Polynomial approximation of circle or ellipse Trying again, with a somewhat simpler sounding question, since my previous one (Generalizations of equi-oscillation criterion) got zero response:
Let $F:[0,1] \to R^2$ be a parametric polynomial curve of degree $m$. I want to adjust the coefficients of $F$ to make it lie as closely as possible to the unit circle, $C$. More specifically, I want to have $F(0) = (1,0)$, and $F(1) = (0,1)$, and I want the maximum distance 
$$E_1 = \max \{dist(F(t),C): t \in [0,1]\}$$
to be minimized. 
It would be OK to minimize the following error $E_2$ instead, if it's easier:
$$ E_2 = \max \{ \big| F_x^2(t) + F_y^2(t) - 1 \big|: t \in [0,1]\}$$
What if I replace the unit circle by an ellipse (for example).
Two specific questions:
(1) Can we prove that the best approximation is equi-oscillatory, in some sense ?
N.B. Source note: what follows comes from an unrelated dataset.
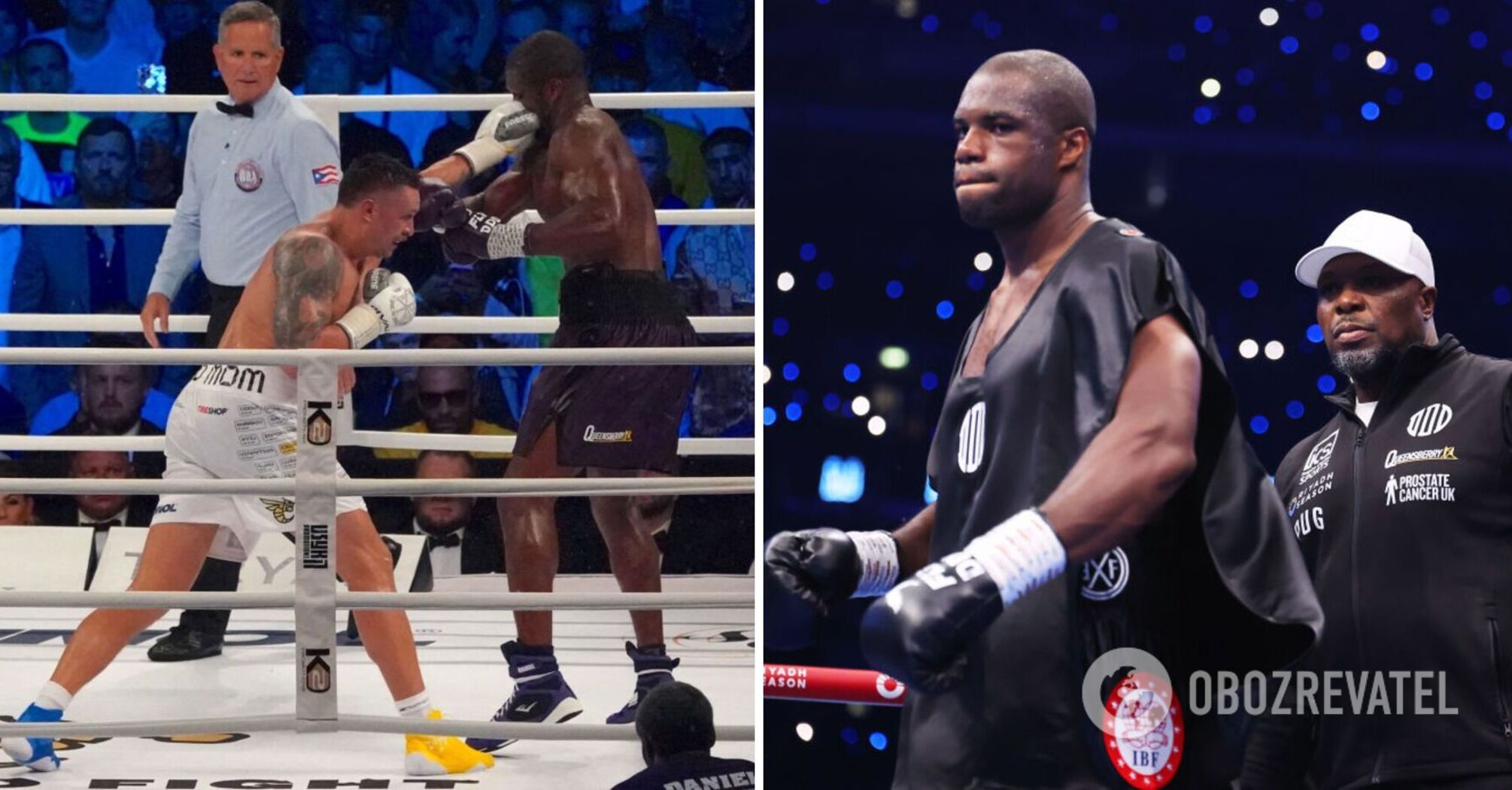 "Fake, fraudster, and liar": Dubois' coach criticizes Usyk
(2) How can the best approximation be computed ?
This site http://spencermortensen.com/articles/bezier-circle/ has a good result for the case of a circle with ($m=3$).
You could also think of this as a question about Bezier curves of degree $m$. Clearly, it would be a good idea to set the first control point equal to $(1,0)$, and the last one equal to $(0,1)$. Then, we just need to adjust the other control points until we get an optimal fit.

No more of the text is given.